Karl Sigfrid is a graduate student in business administration and economics at Stockholm University in Sweden.
Since many economists are skeptical about the new euro currency, European politicians have decided to make the issue about something other than economics.
Some claim that the euro is a currency for peace, referring to the fact that the European Union (EU) was founded to prevent another war between France and Germany. When the first notes and coins were issued, Wim Duisenberg, head of the European Central Bank, predicted that the euro would “create a new era of peace” and forever change the way Europeans relate to one another. He is probably right about the prospects for peace—and without the euro, he would still be right. Little indicates that countries within the EU plan to attack each other, regardless of what currency they use.
Swedish members of the European Parliament seek support for the euro by telling people how convenient it would be not having to change money when they go to Spain on their summer vacation. This argument would be legitimate if there weren’t credit cards for people who find it difficult to handle more than one kind of coin. The same goes for businesses engaging in foreign trade.
European businesses can already use the euro if they wish, thereby avoiding the cost of using multiple currencies when trading within the euro bloc. No business owner needs to spend sleepless nights guessing tomorrow’s exchange rate. Nor will countries with their own currencies, as the Swedish Liberal Party claims, be unable to participate fully in the decisions that shape Europe’s future. Influence is guaranteed by representation in the various EU assemblies, which is based on factors independent of the euro.
If the reasons are invented, what are the real motives for the efforts to expand the euro zone? One answer is that the creation and growth of the European Union has created a new species of European elite politician. Dwelling in Brussels, this politician identifies primarily with EU and not with the citizens of his own country. In addition to a common currency, the European elite discusses having an EU president and a more efficient process for decision-making without veto rights.
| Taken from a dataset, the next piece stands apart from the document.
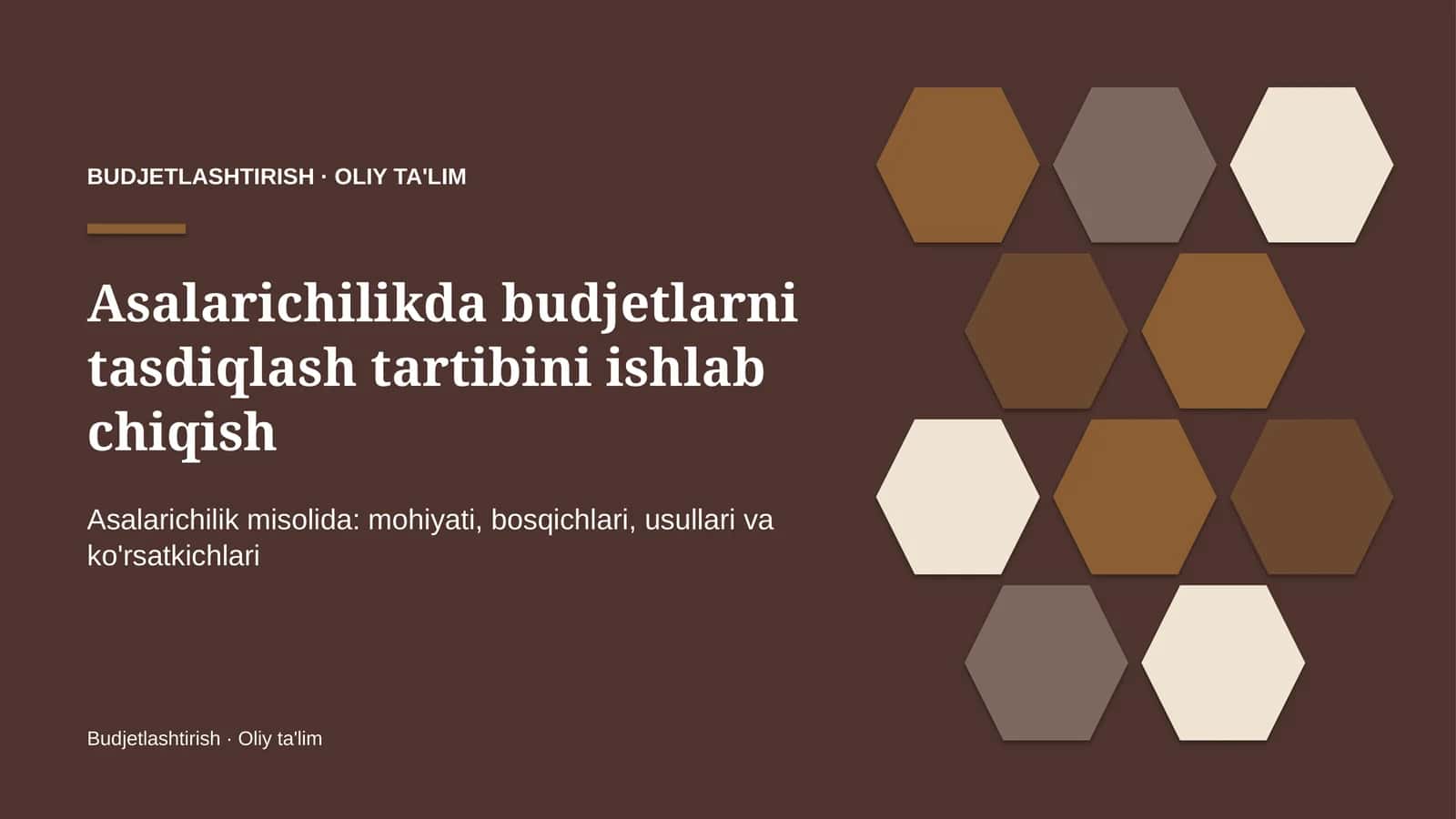 asalarichilikda budjetlarni tasdiqlash tartibini ishlab chiqish 9054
In short, strong forces push to transform the EU into something that for all practical purposes would be one big country.
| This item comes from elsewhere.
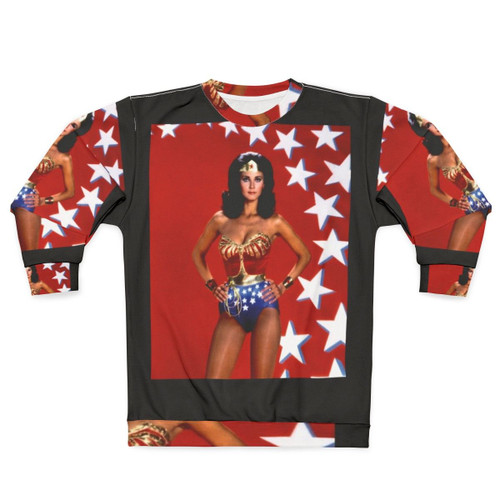 Lynda Carter Sticker Sweatshirt for Retro Movie Fans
Some American economists and economics writers are less than enthusiastic about the euro. In the Wall Street Journal, George Melloan expressed well-grounded fears that harmonized taxes are coming along as part of the euro package. Virtuous low-spending states would thereby lose their advantage over those that tax and spend. Thus the euro EU states would not have the option of attracting business by cutting taxes and regulations, because the common-currency regime would not permit it. Ireland, a country that has recently experienced terrific economic growth, risks its EU subsidies if it goes further in its efforts to create a better business climate.
Melloan also points out that the Maastricht Treaty, which created the EU and which was to establish sound financial guidelines, did not result in more responsible economic policies. On the contrary, European governments increased spending in the years that followed the treaty’s signing.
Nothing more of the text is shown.